→ RECORDED DATA:
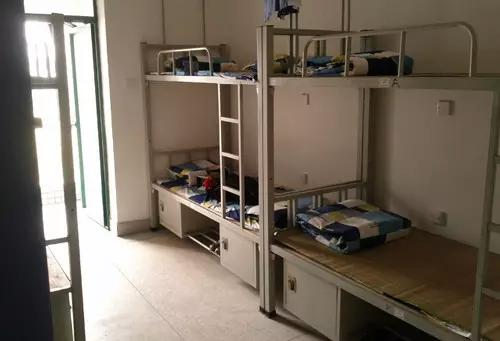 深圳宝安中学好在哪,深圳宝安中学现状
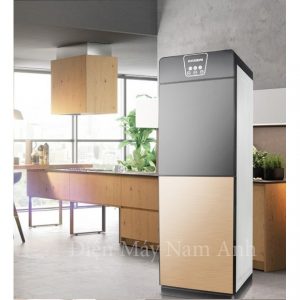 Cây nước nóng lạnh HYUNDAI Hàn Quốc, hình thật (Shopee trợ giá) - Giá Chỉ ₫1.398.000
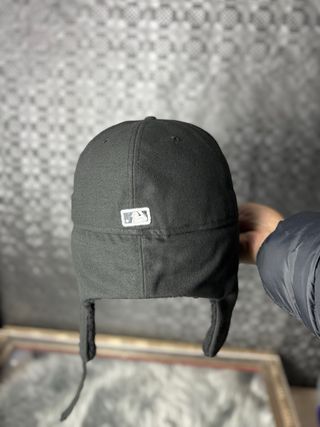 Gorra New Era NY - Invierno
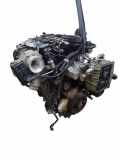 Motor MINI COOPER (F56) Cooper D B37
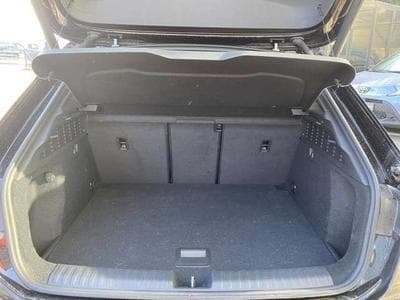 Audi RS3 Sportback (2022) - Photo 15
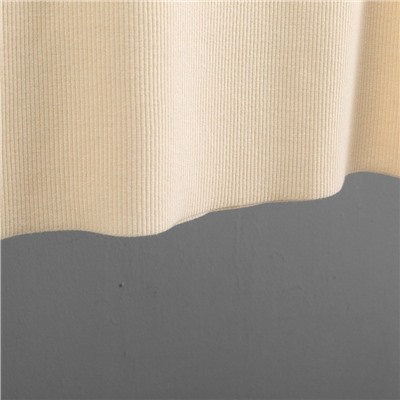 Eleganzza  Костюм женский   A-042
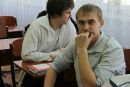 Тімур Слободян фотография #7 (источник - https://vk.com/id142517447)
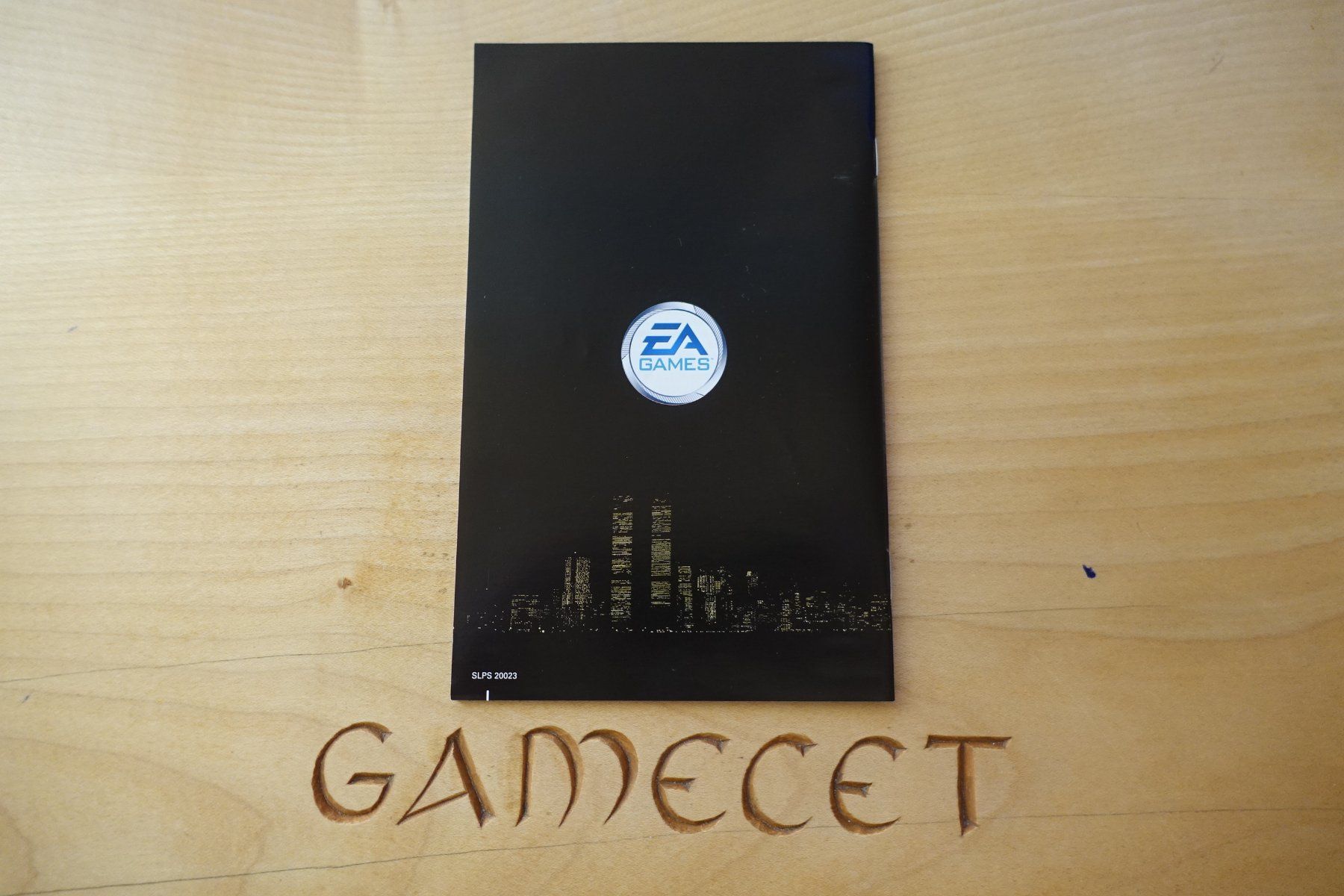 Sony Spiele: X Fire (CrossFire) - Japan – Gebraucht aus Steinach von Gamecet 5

--

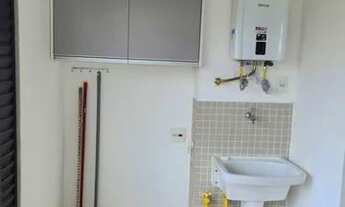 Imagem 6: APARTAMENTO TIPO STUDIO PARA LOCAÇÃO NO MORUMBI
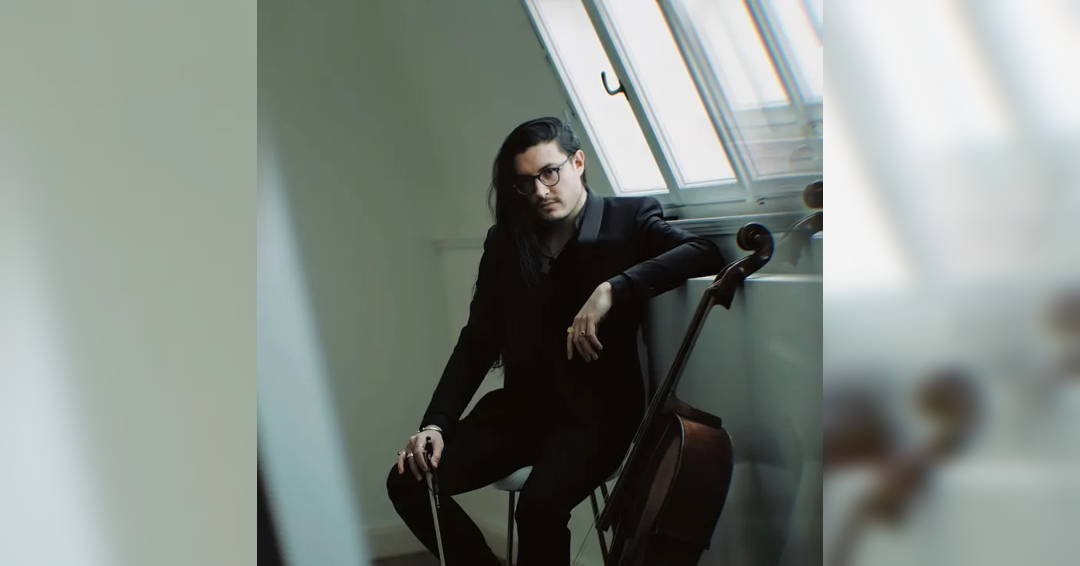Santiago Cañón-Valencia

→ WORK TO COMPLETE: From the records above, copy only the lines running from the line holding "Audi RS3 Sportback (2022) - Photo 15" through the line holding "Sony Spiele: X", with no pictures.

→ EXERCISE RESPONSE:
 Audi RS3 Sportback (2022) - Photo 15
 Eleganzza  Костюм женский   A-042
 Тімур Слободян фотография #7 (источник - https://vk.com/id142517447)
 Sony Spiele: X Fire (CrossFire) - Japan – Gebraucht aus Steinach von Gamecet 5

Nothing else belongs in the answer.